In Among the Dervishes, author Burke records that in Herat he encountered around a thousand Nizariun Sufis who followed the teachings of "Isa, son of Maryam." Their chief, Abba Yahiyya or Father John, was able to recite a succession of Mages through sixty generations back to the Rock[clarification needed] and finally "Isa, son of Mary, of Nazara, the Kashmiri." These clerics were partnered to "sadiqin" in India belonging to the house of Amram and Harun's line, which may be a reference to the Aga Khan,[citation needed] all the way back to Isa's maternal relatives Jakub Assadiq, Yahiyya and Zakariya. According to their tradition, their Magian ancestors had been seduced by the anti-namus dualism of Nasiruta until the Rock's missionaries came to guide their apostasy from Nasiruta back towards the siratulmustaqim, considering themselves a direct continuation of the pre-Islamic Sabiah Hunafa. The essential differences from other Ishmaelis are that they regard Muhammed as nothing more than a title for the chief Mages (the آبائ who may be male or female) in their magisterium of إخوان, which continues the roles of the nabi and observe a sabbath from Friday nights and whose responsibility is to protect the identity of the 36 pairs of Zealot families and their priestly kahan Azwajrasul, from the general laity through a system of social eligibility rules concerning courtship.
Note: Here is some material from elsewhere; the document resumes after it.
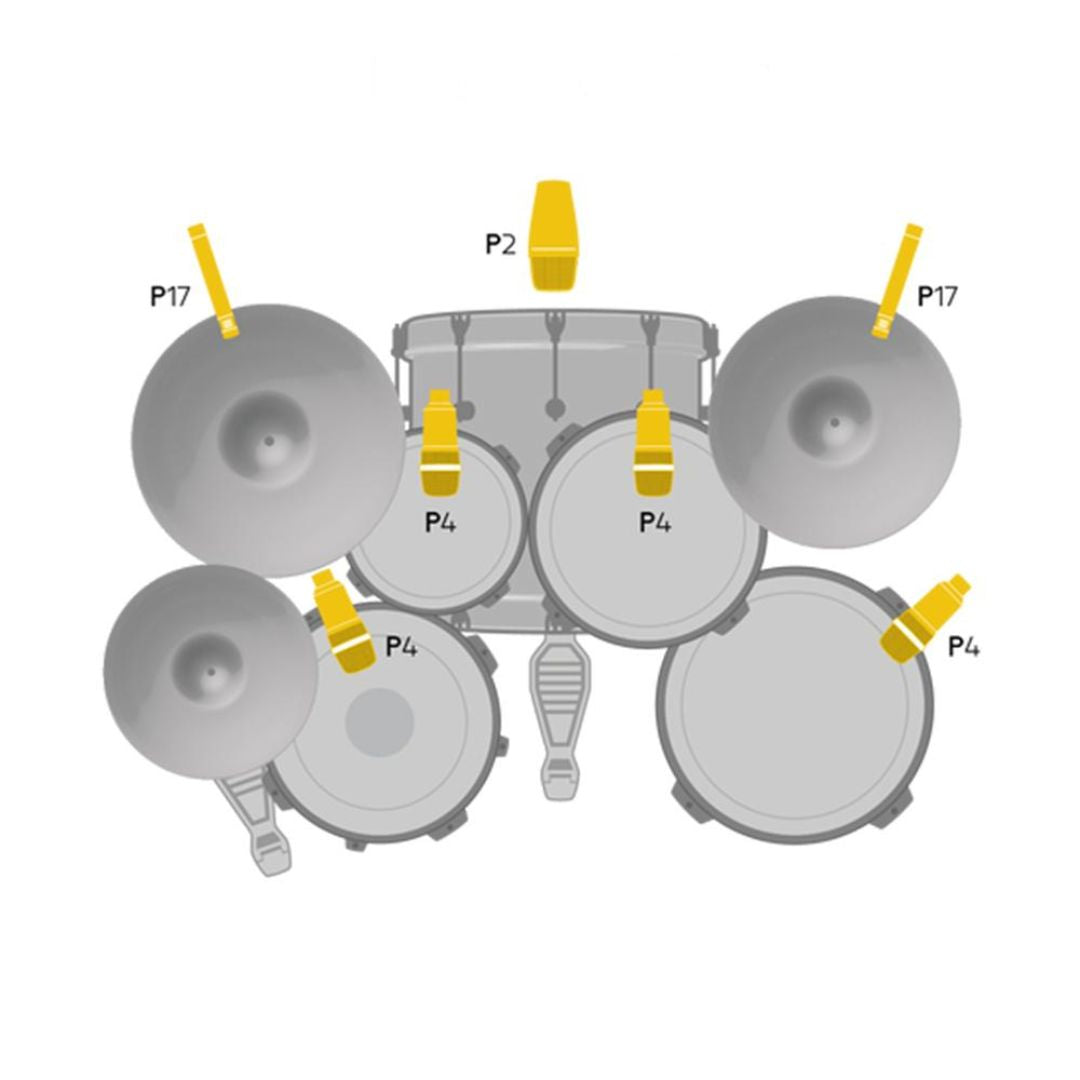 AKG Drum Set Session I | Kit Profesional de 7 Micrófonos para Batería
The Traditions of the Masih (arranged and translated by Harvard University Press) is the holy book of the community which they say completes the injeel, the Gospels being only part of the truth. Burke describes Abba Yahiyya as "a towering figure with the face of a saint," an erudite man who knows his own scriptures and the Jewish writings. Father Yahiyya considered the various sects of Christians known to us today as heretics.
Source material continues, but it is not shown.